Because of requirement: each address receives a different email content, I cannot send multiple emails in one request, but one by one.
_array = ... // list of address + html content, > 10000 records
for (var i = 0; i < _array.length; i++) {
var params = {
Destination: {/* required */
ToAddresses: [_array[i].email]
},
Message: {/* required */
Body: { /* required */
Html: {
Data: _array[i].html,
Charset: 'UTF-8'
},
},
Subject: { /* required */
Data: 'Your order detail', /* required */
Charset: 'UTF-8'
}
},
Source: "[email protected]"
}
let send = await ses.sendEmail(params).promise();
}
Currently, I don't have that big data to test, but I tested with 100-200 emails, it's working, and take 15-40 secs to complete sending emails. Mathematically, 10000 need more than 25 mins to complete the task. Therefore, this approach is not scalable, because of lambda timeout limit at 15 mins
Any better approach or suggestion is appreciated.
Edit:
The solution from @Thales Minussi is awesome, I implemented it and it's working. I marked it as an answer, but still, I welcome all best practices address this issue. Share, learn, and code happily
NOT RECOMMENDED: What you could do is to parallelise sendEmail
calls. So you could create a big array of Promises and then make use of await Promises.all(yourPromisesArray)
, so Node.js would do its best to optimize the process based on the number of cores available on the machine your Lambda function runs at, meaning to get the best out of it, you'd need to set your Lambda's RAM memory to 3GB (the machine is directly proportional to the amount of RAM, which means the more RAM you set, the better the machine your code runs on). But this is still faulty as now we're talking about 10000 e-mails, but what if this number grows to 100000? 1000000? It's just a solution that doesn't scale enough to meet the demand as it grows, so this is not enough. Another thing is that if things go wrong (like one Promise fails) then it's really hard to recover.
RECOMMENDED: What I suggest instead is that you use SQS to decouple the functions that create the e-mail bodies from the function that actually sends it, so long story short, rather than invoking await ses.sendEmail(params).promise()

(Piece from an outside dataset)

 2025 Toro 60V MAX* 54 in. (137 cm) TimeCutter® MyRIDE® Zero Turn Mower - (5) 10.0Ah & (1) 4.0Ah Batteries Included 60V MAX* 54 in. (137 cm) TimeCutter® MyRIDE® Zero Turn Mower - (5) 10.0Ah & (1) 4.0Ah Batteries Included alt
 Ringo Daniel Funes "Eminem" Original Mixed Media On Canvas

as you're doing above, you'd put this message in a SQS queue instead (respecting the 256KB limit per message) and subscribe another Lambda to this SQS queue. Every Lambda can read up to a batch of 10 messages from SQS (and every message can contain many e-mails), which would speed up the process quite significantly, especially because, by default, your Lambda functions will scale out to meet demand.
Let's run a simple math: if you send 100 messages to SQS and every message has 10 e-mails, it means, in the best scenario, 10 Lambdas would spin up, each consuming a batch of 10 messages, but as every message contains 10 e-mails, every Lambda would process 100 e-mails, therefore you'd be processing 1000 e-mails in a blink of an eye!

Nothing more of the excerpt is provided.